On va au Tonkin, on flanque sa baïonnette dans le ventre d’un Tonkinois, est-ce le civiliser cela ? Etant au Dépôt, il a vu passer 4.000 pauvres diables qu’on appelle des voleurs ; des voleurs qui n’ont pas seulement une chemise à se mettre sur le dos! Ce sont des volés, du reste, le vol du haut en bas est dans la société la seule manière d’exister.

Après Decamps, un autre accusé dit quelques mots, puis le suivant, Bastard, un tout jeune copain, présente à son tour une défense excessivement claire et dont toutes les phrases sont des arguments portant juste.

Bastard a déjà subi une condamnation : six jours de prison pour avoir volé un beefsteak à son patron ! et qui plus est, pour avoir mangé ce beefsteak. Il a souffert pendant toute sa jeunesse, l’exploitation patronale le tient depuis sou enfance et sa condamnation lui rend le travail impossible. Celui qui a volé, volera ou périra. La situation est même beaucoup plus pénible pour celui dont le cœur n’est pas fermé aux souffrances d’autrui et il devient un crime de songer aux conséquences des actes que l’on commet. Ainsi de l’armée, tirer au sort n’est rien ni partir au régiment, mais si l’on se bat, si l’on songe à ce que deviennent les balles que vous tirez, si l’on pense aux hommes qu’on tue alors, dont les enfants attendent tristement au logis, ne doit-on pas reculer et refuser d’accomplir une formalité si minime en apparence?
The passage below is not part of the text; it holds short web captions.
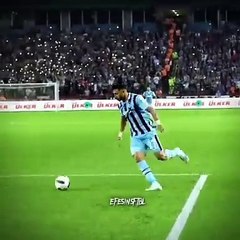 Trabzonspor'da Edin Visca defteri kapandı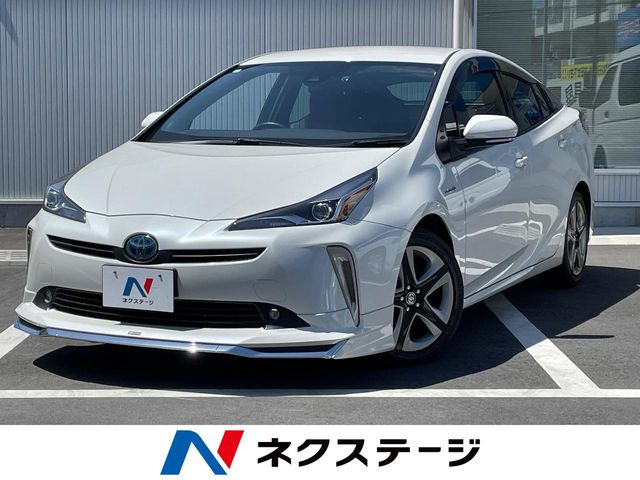 プリウス 1.8 S ツーリングセレクション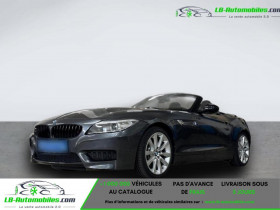 Bmw Z4 sDrive 28i 245ch  occasion � Beaupuy - photo n�2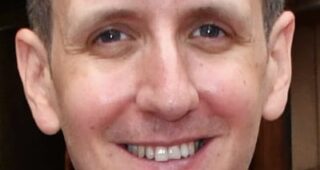 Jack Thorne : Photo officielle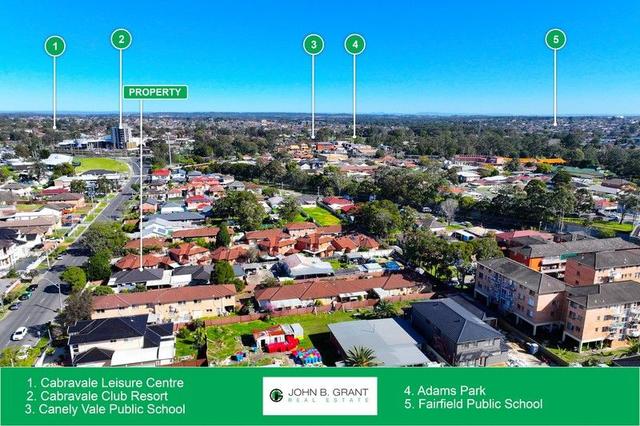 33 Bareena Street, NSW 2166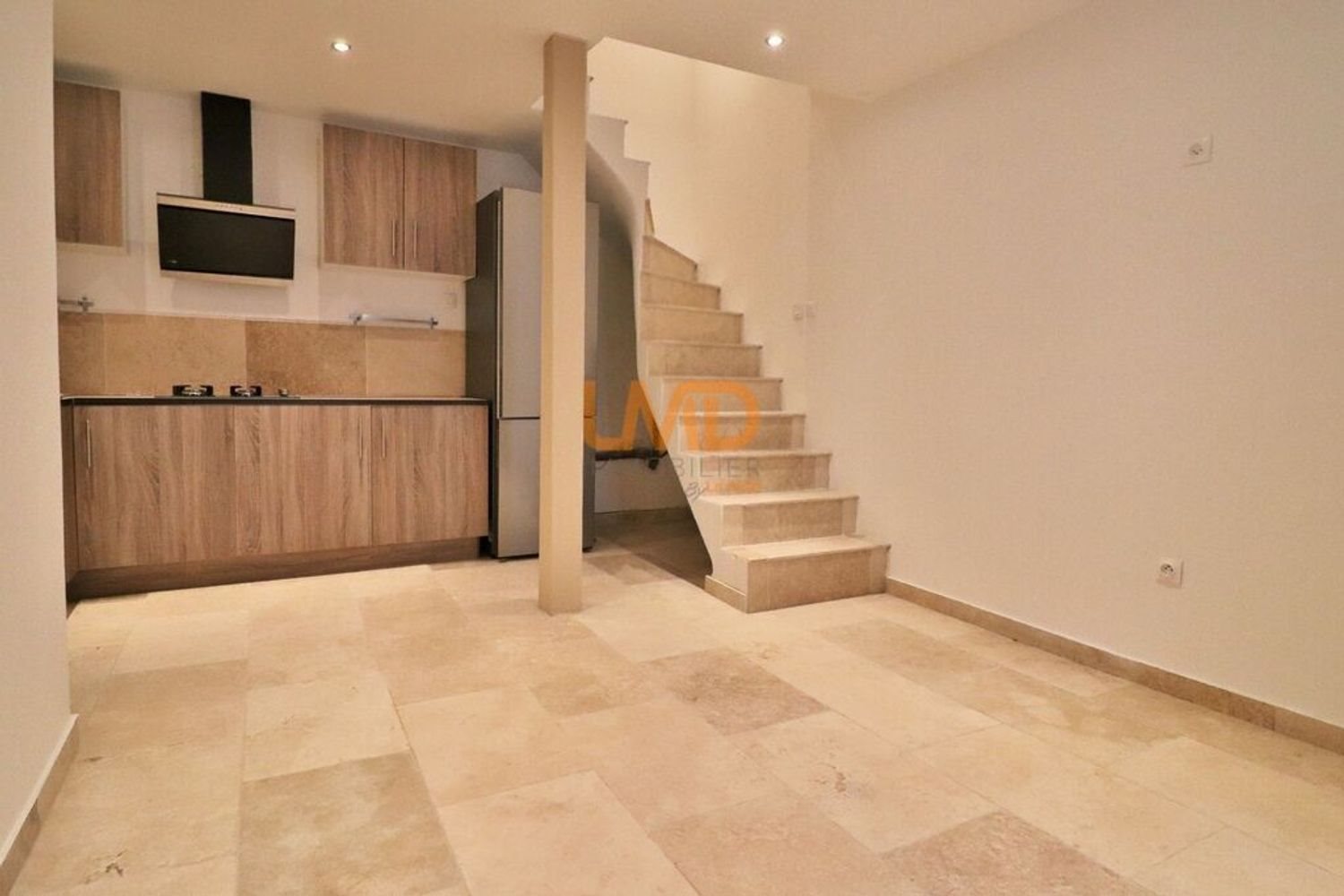 Appartement à vendre, 46m², Brue-Auriac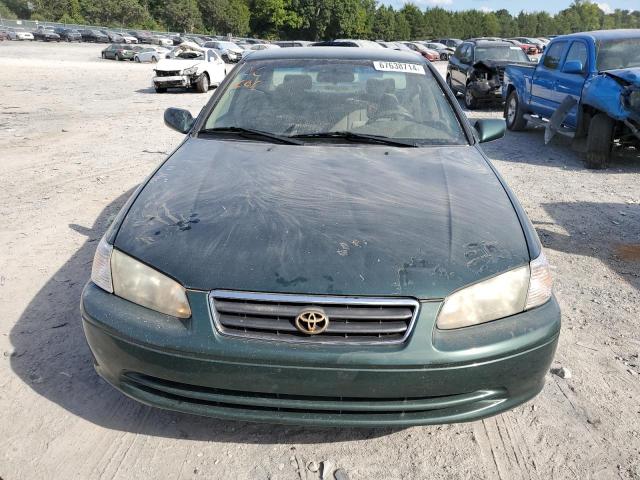 Photo 4 VIN: 4T1BG22K5YU942110 - TOYOTA CAMRY CE 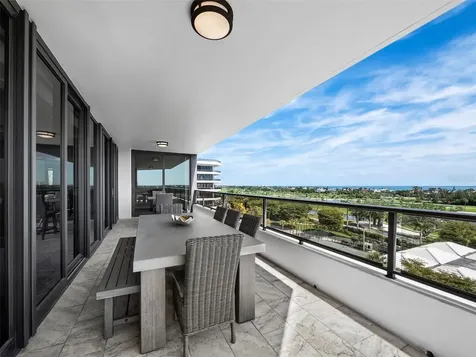 535 Sanctuary Drive Longboat Key FL 34228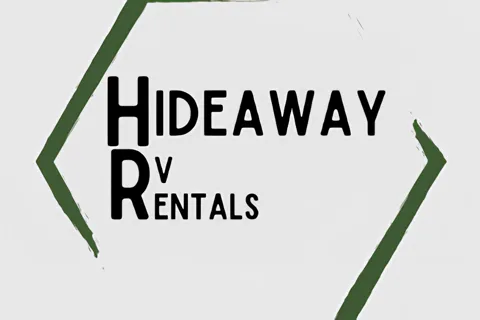 Hideaway Rv Rentals pet friendly spacious Grey Wolf limited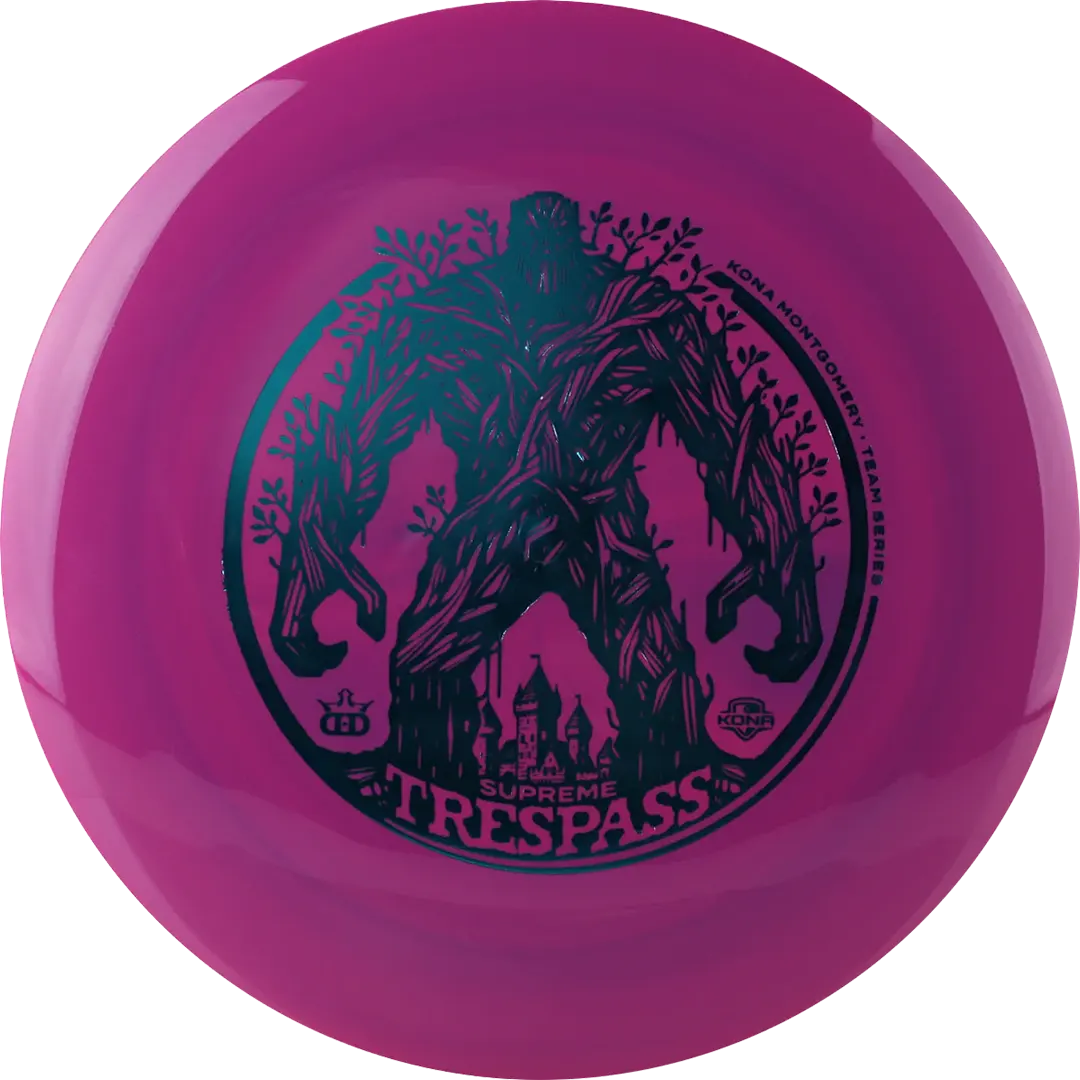 Supreme Trespass - Kona Montgomery 2024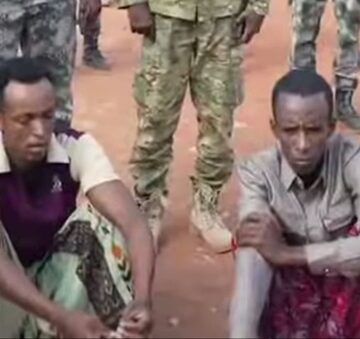 Somalia Transfers Murder Suspects to Ethiopia’s Somali Region in Cross-Border Security Cooperation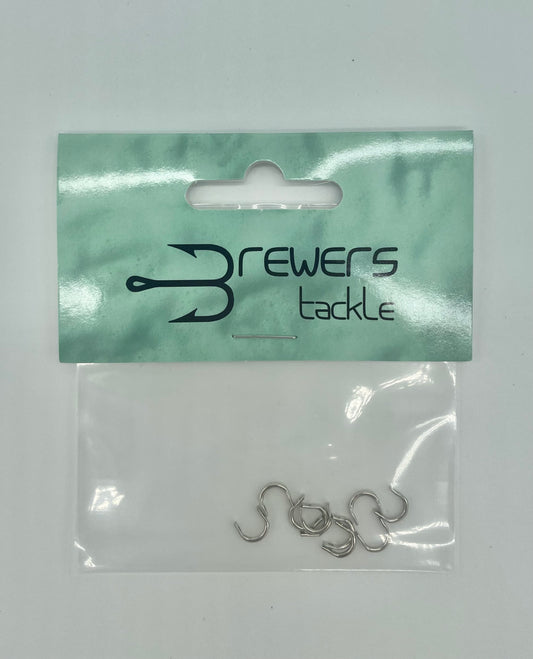 Spinner Blade Clevis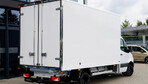Mercedes Sprinter 517 CDI PRO Długi 9G-Tronic Kontener 2.0 170KM Kontener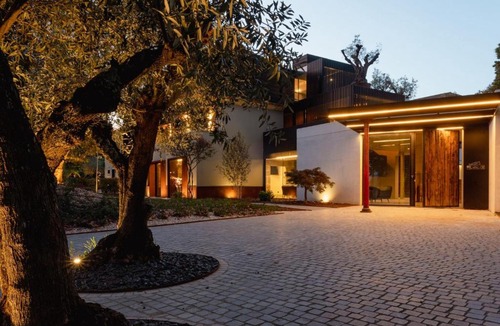 Santo Tirso Hotel | Quinta de Silvalde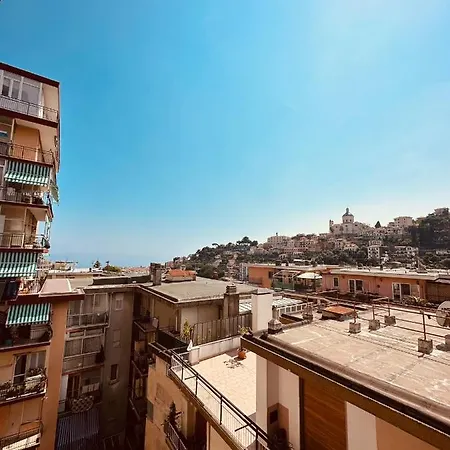 La Casa Di Nesy Apartment Sanremo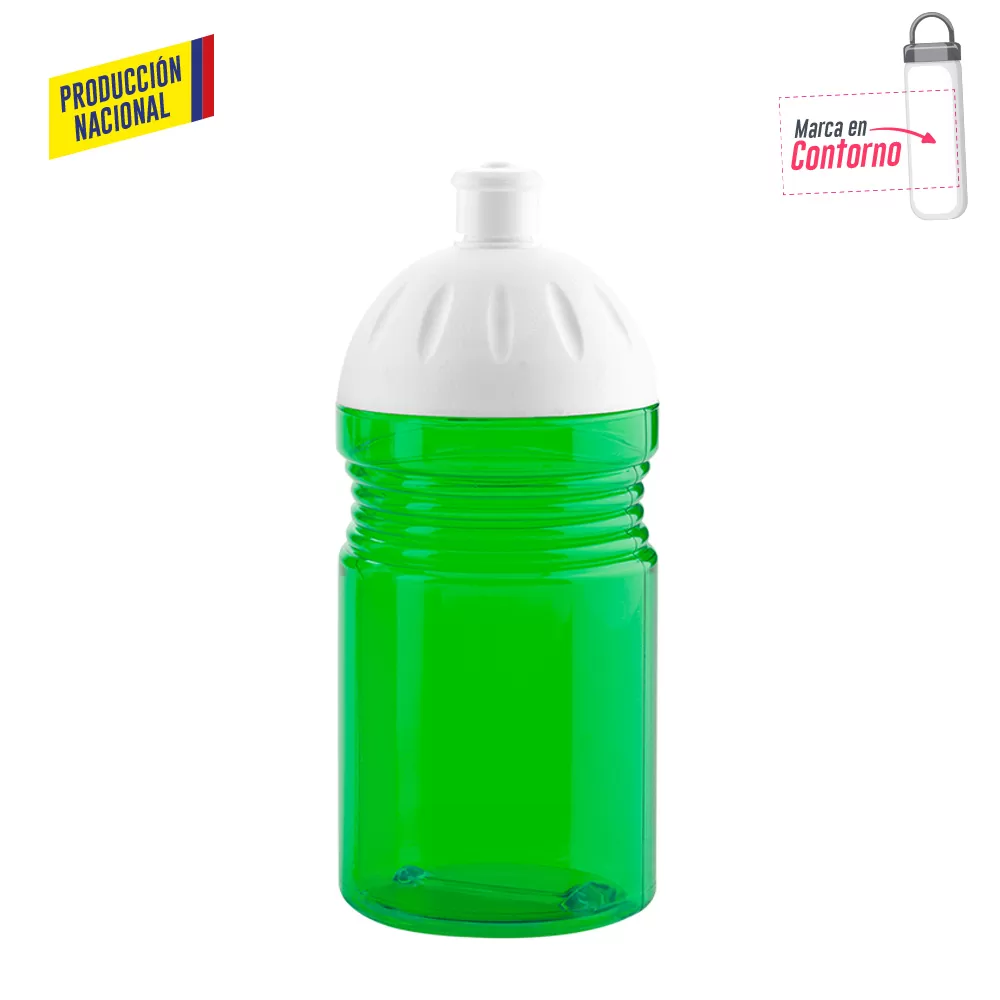 Botilito Energy PVC Prod Nal-stock telefónicamente 7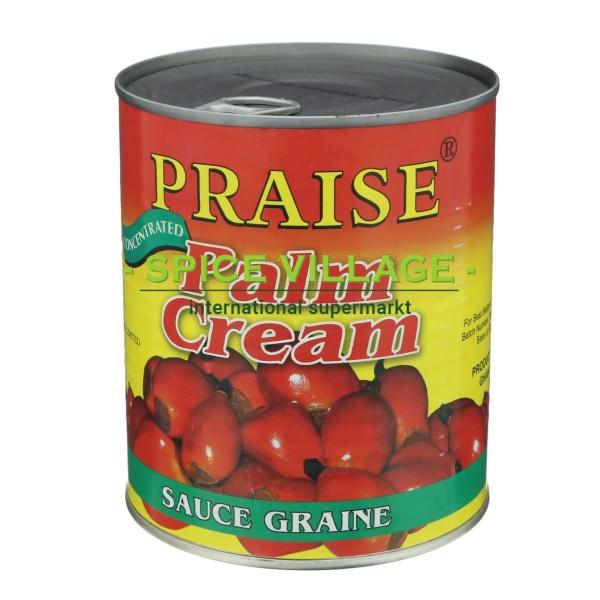 Praise Palm Cream 800gm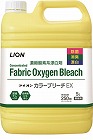 ライオンカラーブリーチＥＸ５Ｌ×３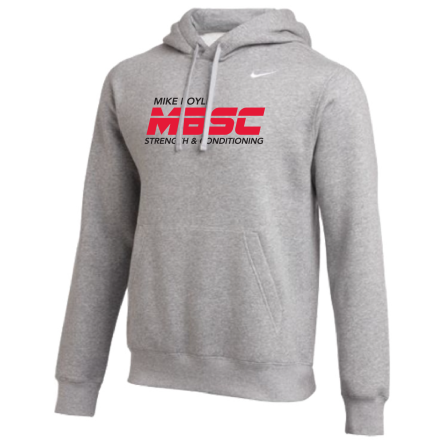 Nike Club Hoodie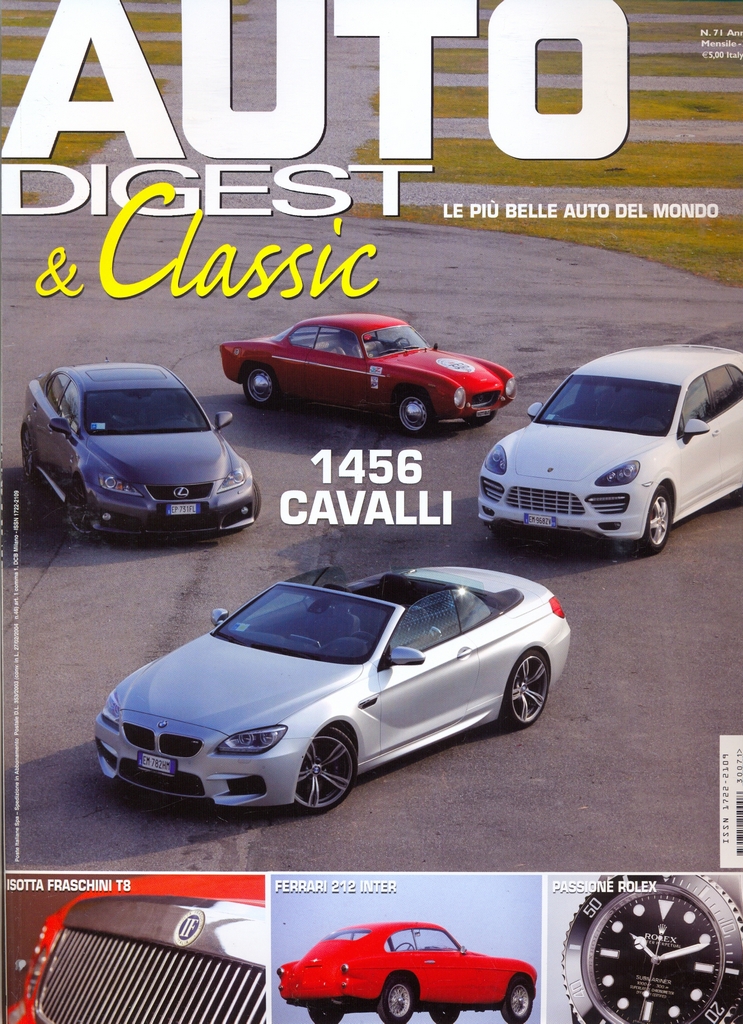 autodigest-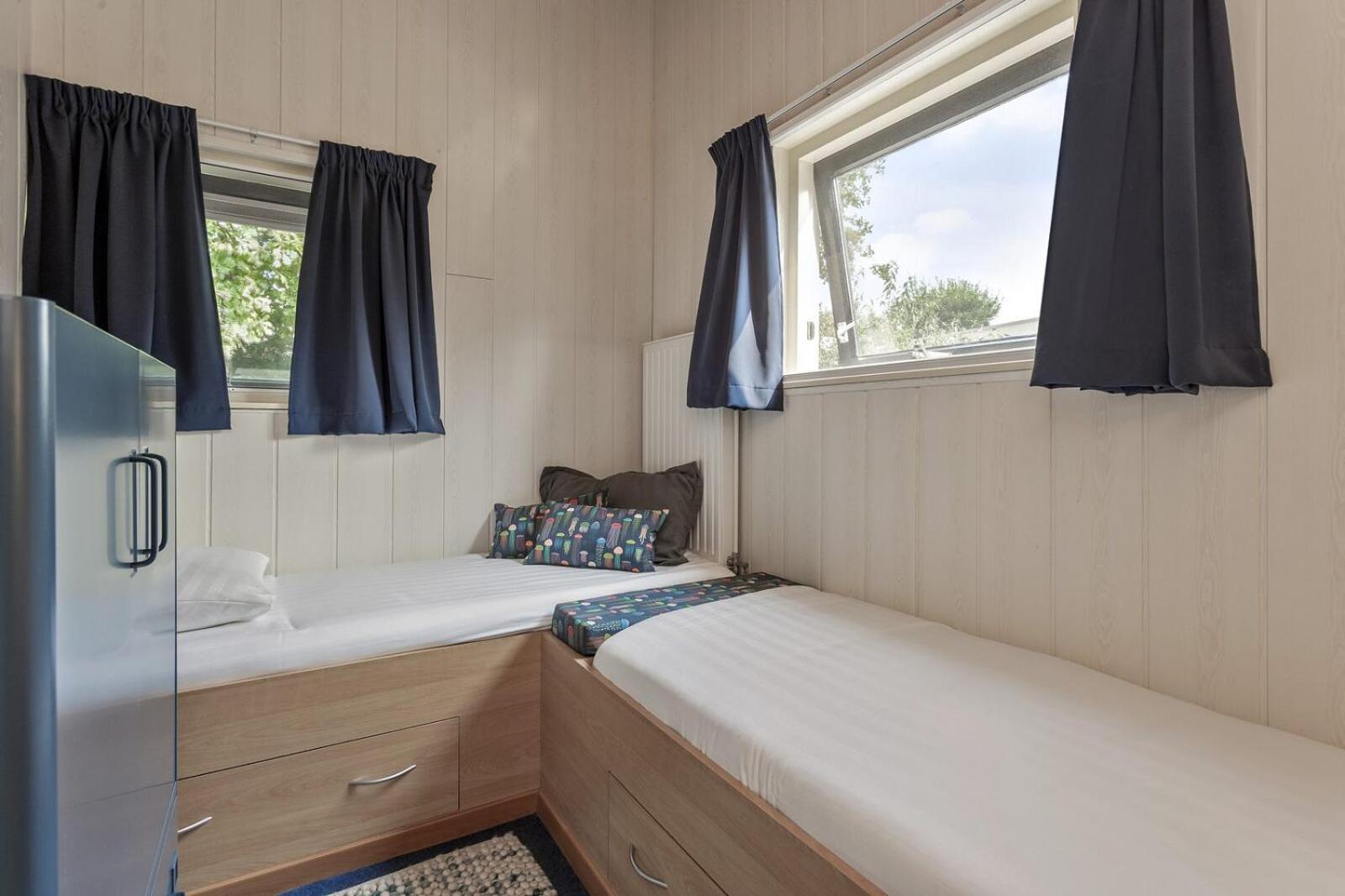 Bosje 1 - Ouddorp Not Intended For Company Or Work-Related Stays ภายนอก รูปภาพ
Du reste, qui croit à la patrie ? Si on regarde en haut, on voit la Banque de France prêter 75 millions à la Banque d’Angleterre, alors que maintes affaires françaises ne savent où trouver des capitaux. Si on regarde en bas, on voit les jeunes gens qui ont fait leur devoir en tirant au sort, se rassembler en bande, enguirlandés et pompettes, et le drapeau tricolore en tête, se traîner de cabaret en cabaret, pour finir la journée à la maison de prostitution toujours abrités sous les plis du drapeau français.

Les anarchistes haïssent le drapeau et le combattent. les patriotes s’en moquent et le traînent dans la boue !

Après celte remarquable défense, deux autres copains : Pernin et Galau disent quelques mots, puis les jurés se retirent pour méditer.

Pendant la suspension d’audience le prétoire est transformé en réunion publique. Tous les anarchistes sont entourés, questionnés par ces jeunes et intéressants produits qu’on nomme les membres du barreau. Évidemment, ils ne comprennent pas grand chose, mais c’est déjà beaucoup de les amener à réfléchir à certaines ordres d’idées, inexplorés pour eux.

Le jury rentre : Voyez, Ferrière, Collion, Bastard, Pernin et Galau, sont acquittés; ils ne sont pas coupables d’avoir crié : Vive l’anarchie ! Decamps lui est coupable d’avoir proféré ce cri et en outre d’avoir eu un revolver dans sa poche.

Les acquittés sortent en criant : Vive l’anarchie! Un quart d’heure plus tard, Decamps s’entend condamner à quinze jours de prison.

Il crie aussi : Vive l’anarchie et on l’emmène. Cela fait la sixième condamnation.